Gestalten statt treiben lassen

Über den Rhein, den Wandel und das Wandern

Irgendwie war da immer der Rhein: Aufgewachsen bin ich in Cazis am Hinterrhein, das Gymnasium besuchte ich am Vorderrhein, genauer in Disentis. Und in Basel, wo der Rhein sein Knie beugt, sah ich die Universität von Innen (öfter, zu oft vielleicht, sass ich irgendwo am Rheinbord und schaute dem Fluss beim Fliessen zu). Dabei fragte ich mich manchmal, wie lange ein Wassertropfen von hier nach dort braucht, von der Quelle des Vorderrheins nach Basel zum Beispiel. Für diese Ausgabe habe ich es endlich ausgerechnet: Bei einer Fliessgeschwindigkeit von etwa zwei Metern pro Sekunde – je nach Wassermenge und Topografie variiert es – dauert es rund zwei Tage und sechs Stunden, bis der Rhein bei Basel die Schweiz verlässt. Und noch einmal fast einen Monat, bis er in die Nordsee mündet. 

Das hat mich überrascht – wie so vieles, was wir für diese Ausgabe zusammengetragen haben. Wie stark das Rheinwasser und das Gefälle seiner Täler für die Wasserkraft genutzt wird zum Beispiel: Noch lange bevor der Rhein zum Strom wird, wird er zu Strom. Bedrückt hat mich, wie sehr der Rhein von Schadstoffen belastet ist, selbst im Tomasee wurde Mikroplastik gefunden. Immerhin geht es den Fischen besser als auch schon, vor allem dank einer Fischtreppe, die vor wenigen Jahren im Kraftwerk Reichen­au installiert wurde.
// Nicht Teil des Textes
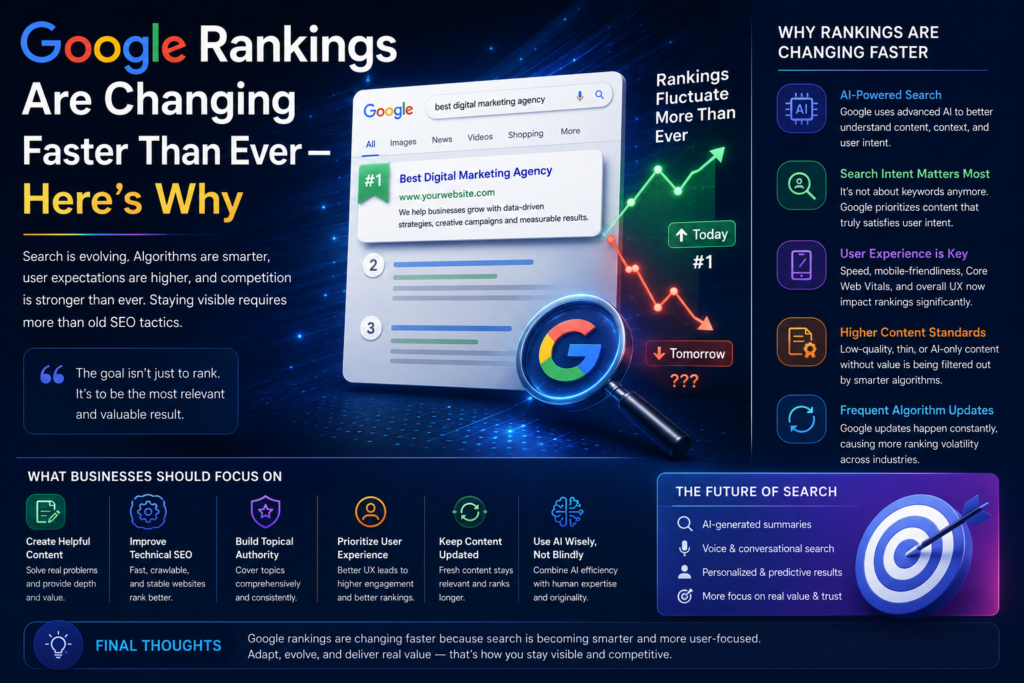 Google Rankings Are Changing Faster Than Ever — Here’s Why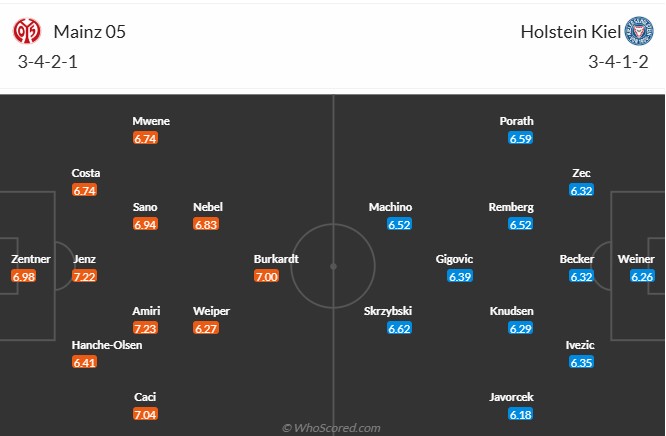 Nhận định, soi kèo Mainz vs Holstein Kiel, 20h30 ngày 5/4: Tiếp tục nỗ lực - Ảnh 5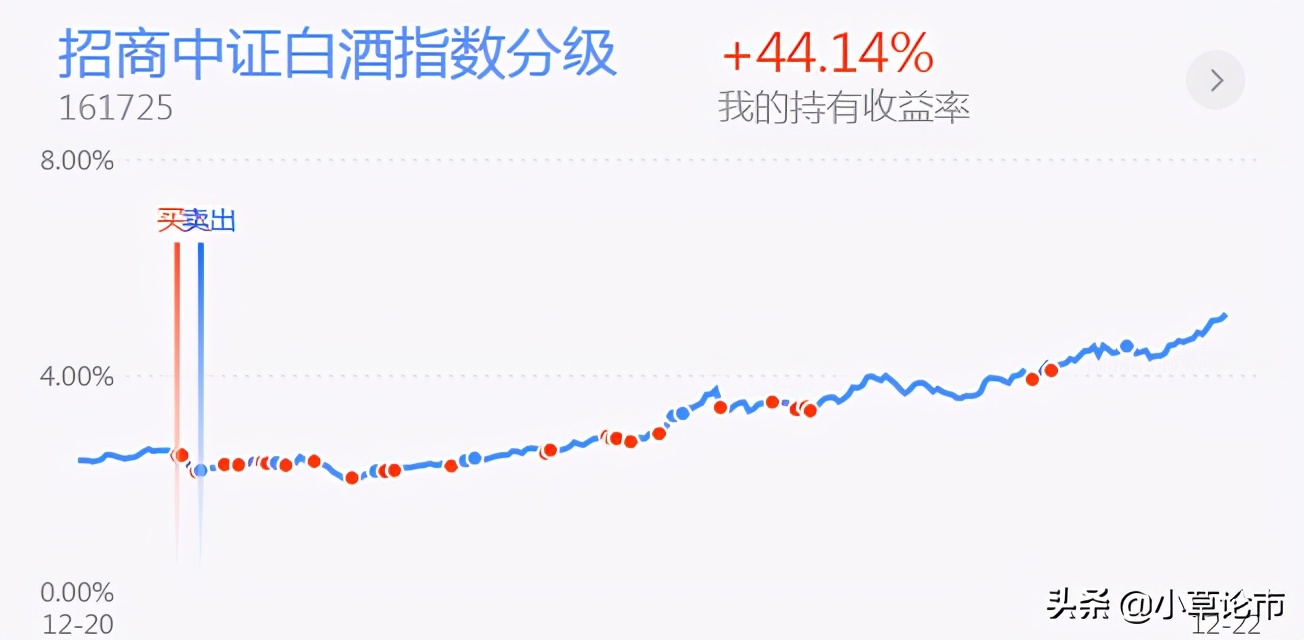 「基金实盘策略」白酒溜了，然后再加仓点医药板块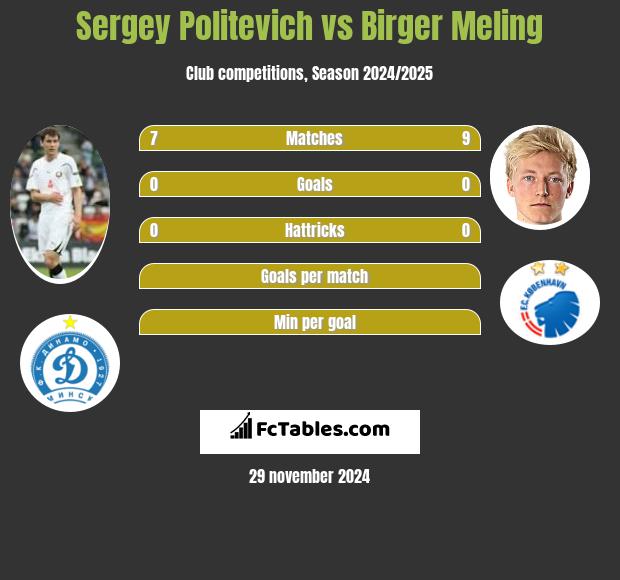 Sergey Politevich vs Birger Meling h2h player stats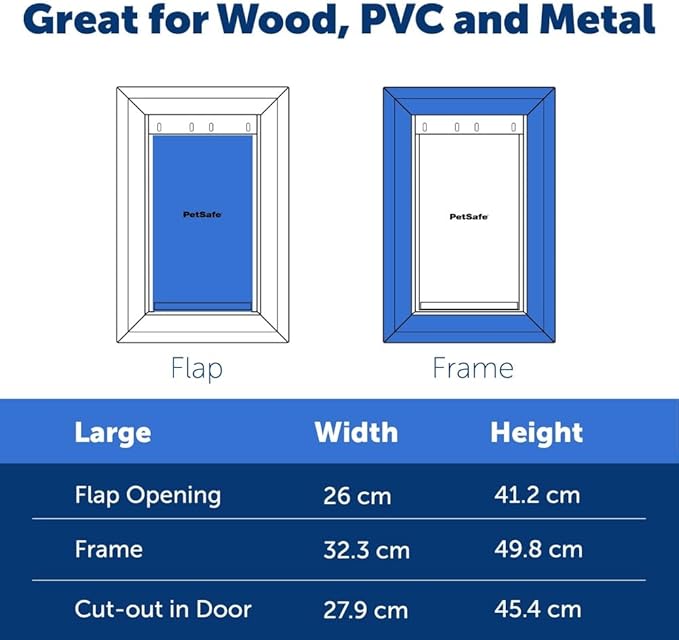 PetSafe Extreme Weather Aluminum Dog Door - Image 6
Seither schwimmen sogar wieder Bodenseeforellen in den Läufen von Vorder- und Hinterrhein. Und wenn bei Bad Ragaz dereinst der Rhein revitalisiert ist, werden auch dort Flora und Fauna diverser.
In dieser Ausgabe finden Sie gelegentlich kleine Anpassungen in Gestaltung und Formaten. Wir arbeiten derzeit daran, die «Terra Grischuna» fit zu machen für die Zukunft und sind dafür auf Ihre Mithilfe angewiesen. So finden Sie auf unserer Webseite eine Umfrage, mittels der wir herausfinden möchten, was Ihnen gefällt und was nicht, welche Themen Sie vermehrt lesen möchten und welche weiteren Ideen Sie vielleicht haben – denn wie ein Fluss nie derselbe ist, wenn man in ihn steigt, so ist auch alles andere einem ständigen Wandel unterworfen. Diesen wollen wir gestalten, statt uns treiben zu lassen. 
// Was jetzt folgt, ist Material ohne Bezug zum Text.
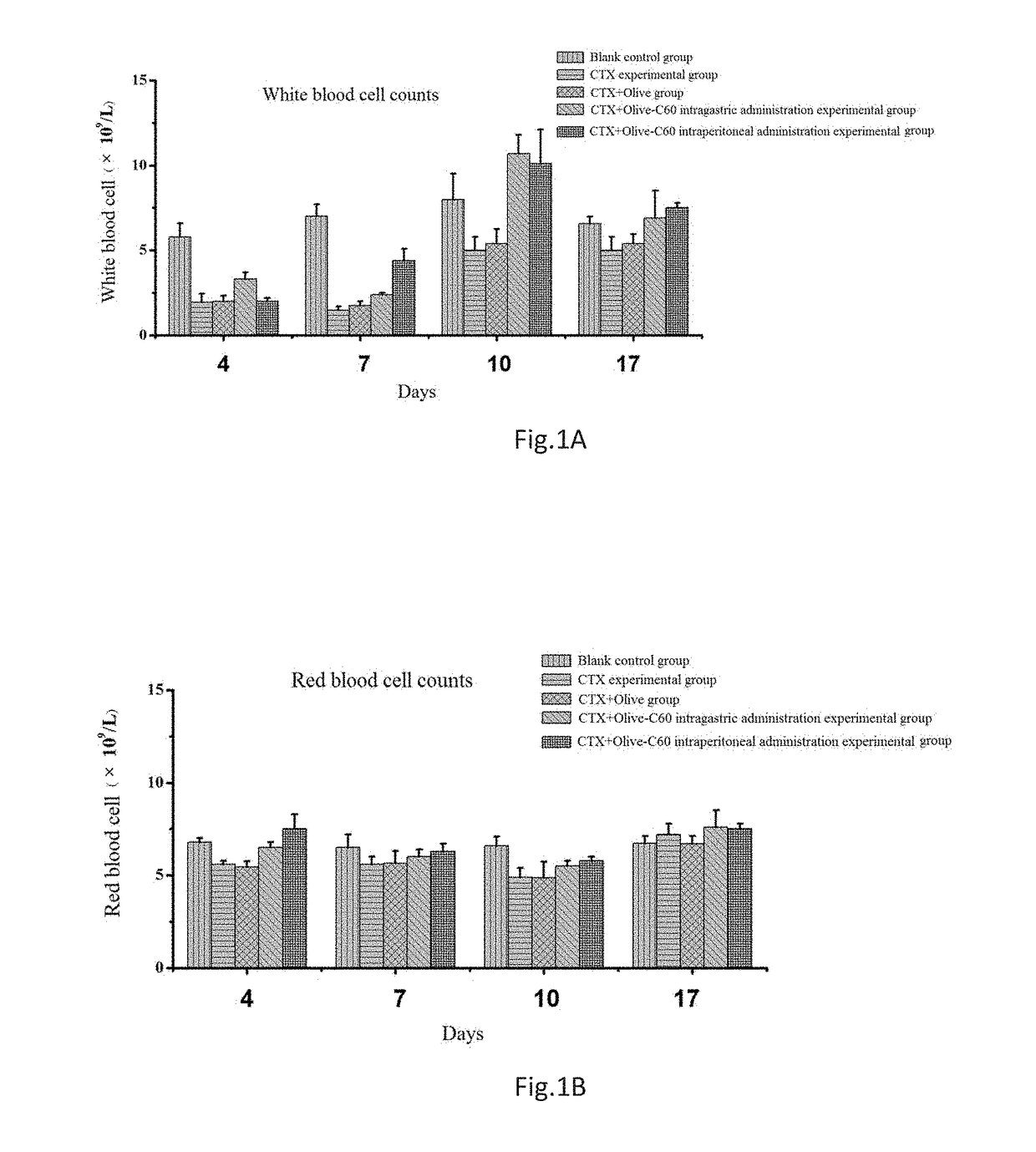 Application of fullerene/metal-fullerene for preparing pharmaceutical product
Ich möchte Sie zudem einladen, mit mir am Hinter­rhein wandern zu gehen, dort eben, wo ich aufgewachsen bin: Am 14. Juni führe ich eine Wandergruppe von Thusis in die Viamala-Schlucht. Gern erzähle ich dann, was ich weiss – bin aber ebenso gespannt darauf, Sie als unsere Leserinnen und Leser besser kennenzulernen. Alle Informationen dazu finden Sie auf Seite 49.
Nun wünsche ich Ihnen eine gute Lektüre – und vielleicht ja auf bald am Rhein.

Julian Reich 
Redaktionsleiter

PS: Eine Geschichte, die leider keinen Platz im Heft fand: Vor 70 Jahren sorgte die Sichtung eines Belugawals im Rhein für Aufsehen. Er war einem Zootransport entflohen und gelangte bis Bonn, 600 Kilometer von der Rheinmündung entfernt. Trotz vieler Versuche, ihn wieder einzufangen, schwamm er schliesslich in die Nordsee Richtung Freiheit. Sein Spitzname: Moby Dick.